DÚVIDAS

Seu, dele e você no ensino da língua

Numa questão sobre seu/ dele ["Determinantes e pronomes possessivos seu/dele"], parece que entendem o dele também como pronome possessivo. Estou errado? É que, na verdade, já li tal "barbaridade" em, pelo menos, uma gramática da língua portuguesa usada programada para o 3.º ciclo e o ensino secundário. Em livros para o ensino do português (LE) na Galiza, esse erro é comum.

Em relação aos pronomes pessoais, a referida gramática coloca na 2.ª pessoa do singular tu/ você, e no plural vós/vocês. Os livros para o ensino do português (LE) vão mais longe: eu, tu, ele, ela, você, o senhor, a senhora, nós (não mencionam vós), eles, elas, os senhores, as senhoras.

Na verdade, anda por aí uma rapaziada – no caso da gramática, uma raparigada – a dar cabo da norma da língua.

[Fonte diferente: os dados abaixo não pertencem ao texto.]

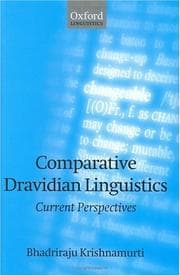 Tapa de Comparative Dravidian linguistics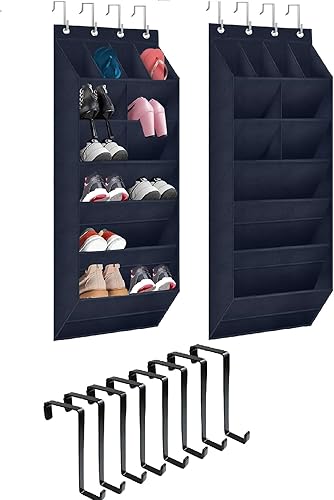 TIOYOTY Paquete de 2 organizadores de zapatos para colocar sobre la puerta y 8 ganchos para colocar sobre la puerta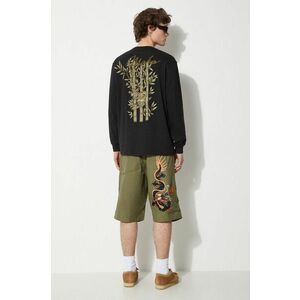 Maharishi longsleeve din bumbac Dragon Bamboo culoarea negru, cu imprimeu, 5080.BLACK imagine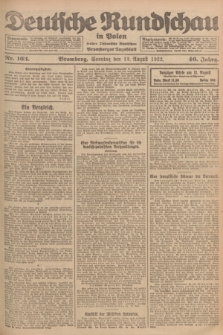 Deutsche Rundschau in Polen : früher Ostdeutsche Rundschau, Bromberger Tageblatt. Jg.46, Nr. 163 (13 August 1922) + dod.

Gostava de saber a vossa opinião no caso do dele/ dela, e plurais, como pronome possessivo.

Resposta

Na resposta em causa, o autor, o Prof. F. V. Peixoto da Fonseca (1922-2010), não classifica dele como pronome possessivo. Mesmo assim, juntou-se uma nota para esclarecer que dele é um grupo preposicional, e não um determinante possessivo.

Quanto à descrição e classificação apresentadas em certas gramáticas escolares, toma-se boa nota do que diz o consulente, com várias ressalvas. Por exemplo, uma consulta de algumas gramáticas escolares publicadas em Portugal – Nova Gramática Didática de Português (Santillana/Constância, 2011), Domínios – Gramática da Língua Portuguesa (Plátano Editora, 2011) e Gramática Prática de Português (Lisboa Editora, 2011) – revela que estas não classificam dele nem como pronome possessivo nem como determinante possessivo.

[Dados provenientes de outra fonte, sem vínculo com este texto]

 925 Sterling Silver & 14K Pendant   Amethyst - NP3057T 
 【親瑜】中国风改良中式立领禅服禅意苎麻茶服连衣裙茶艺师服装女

Relativamente a manuais e gramáticas de Português como Língua Estrangeira (PLE), não conhecemos as obras a que se refere o consulente, mas sabemos que dele aparece muitas vezes junto dos pronomes possessivos, com a particularidade de todas estas formas serem classificadas como possessivos, sem se mencionarem os termos pronome nem determinante. Dado que tais gramáticas têm sobretudo em vista o ensino da língua a estrangeiros, e não o conhecimento explícito dos falantes nativos, compreende-se que se fale simplesmente de possessivos e que neles se inclua dele, dela, deles e delas. Por outras palavras, nos materiais de PLE, razões didáticas podem justificar o sacrifício de algum rigor terminológico nos níveis de iniciação. No entanto, nos níveis mais avançados convirá conhecer a terminologia linguística usada.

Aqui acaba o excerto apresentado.